**TASK GOAL**
Transcribe all the entries that follow, leaving nothing out.

>>>>>

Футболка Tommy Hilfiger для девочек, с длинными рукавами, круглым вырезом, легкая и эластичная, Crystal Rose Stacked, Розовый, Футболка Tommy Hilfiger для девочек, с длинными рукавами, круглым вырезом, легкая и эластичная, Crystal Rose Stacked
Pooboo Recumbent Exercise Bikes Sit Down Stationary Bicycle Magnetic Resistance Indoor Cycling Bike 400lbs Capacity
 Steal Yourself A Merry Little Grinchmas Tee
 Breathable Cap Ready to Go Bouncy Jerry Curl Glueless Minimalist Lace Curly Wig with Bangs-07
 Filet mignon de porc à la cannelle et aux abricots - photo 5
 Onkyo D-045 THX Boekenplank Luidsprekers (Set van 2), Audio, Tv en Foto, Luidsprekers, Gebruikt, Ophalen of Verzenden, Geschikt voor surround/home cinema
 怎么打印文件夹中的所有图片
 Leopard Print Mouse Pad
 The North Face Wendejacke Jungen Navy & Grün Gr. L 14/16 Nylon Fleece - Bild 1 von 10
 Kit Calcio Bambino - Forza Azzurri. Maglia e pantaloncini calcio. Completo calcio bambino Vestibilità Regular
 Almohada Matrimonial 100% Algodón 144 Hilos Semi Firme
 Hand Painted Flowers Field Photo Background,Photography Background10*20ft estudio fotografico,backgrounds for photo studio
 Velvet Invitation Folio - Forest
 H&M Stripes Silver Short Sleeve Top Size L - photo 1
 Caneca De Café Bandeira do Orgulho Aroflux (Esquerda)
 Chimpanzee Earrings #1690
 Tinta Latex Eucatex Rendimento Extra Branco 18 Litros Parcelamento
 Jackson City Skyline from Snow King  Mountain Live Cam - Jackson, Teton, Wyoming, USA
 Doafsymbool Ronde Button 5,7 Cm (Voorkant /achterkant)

<<<<<

**EXERCISE SOLUTION**
Футболка Tommy Hilfiger для девочек, с длинными рукавами, круглым вырезом, легкая и эластичная, Crystal Rose Stacked, Розовый, Футболка Tommy Hilfiger для девочек, с длинными рукавами, круглым вырезом, легкая и эластичная, Crystal Rose Stacked
Pooboo Recumbent Exercise Bikes Sit Down Stationary Bicycle Magnetic Resistance Indoor Cycling Bike 400lbs Capacity
 Steal Yourself A Merry Little Grinchmas Tee
 Breathable Cap Ready to Go Bouncy Jerry Curl Glueless Minimalist Lace Curly Wig with Bangs-07
 Filet mignon de porc à la cannelle et aux abricots - photo 5
 Onkyo D-045 THX Boekenplank Luidsprekers (Set van 2), Audio, Tv en Foto, Luidsprekers, Gebruikt, Ophalen of Verzenden, Geschikt voor surround/home cinema
 怎么打印文件夹中的所有图片
 Leopard Print Mouse Pad
 The North Face Wendejacke Jungen Navy & Grün Gr. L 14/16 Nylon Fleece - Bild 1 von 10
 Kit Calcio Bambino - Forza Azzurri. Maglia e pantaloncini calcio. Completo calcio bambino Vestibilità Regular
 Almohada Matrimonial 100% Algodón 144 Hilos Semi Firme
 Hand Painted Flowers Field Photo Background,Photography Background10*20ft estudio fotografico,backgrounds for photo studio
 Velvet Invitation Folio - Forest
 H&M Stripes Silver Short Sleeve Top Size L - photo 1
 Caneca De Café Bandeira do Orgulho Aroflux (Esquerda)
 Chimpanzee Earrings #1690
 Tinta Latex Eucatex Rendimento Extra Branco 18 Litros Parcelamento
 Jackson City Skyline from Snow King  Mountain Live Cam - Jackson, Teton, Wyoming, USA
 Doafsymbool Ronde Button 5,7 Cm (Voorkant /achterkant)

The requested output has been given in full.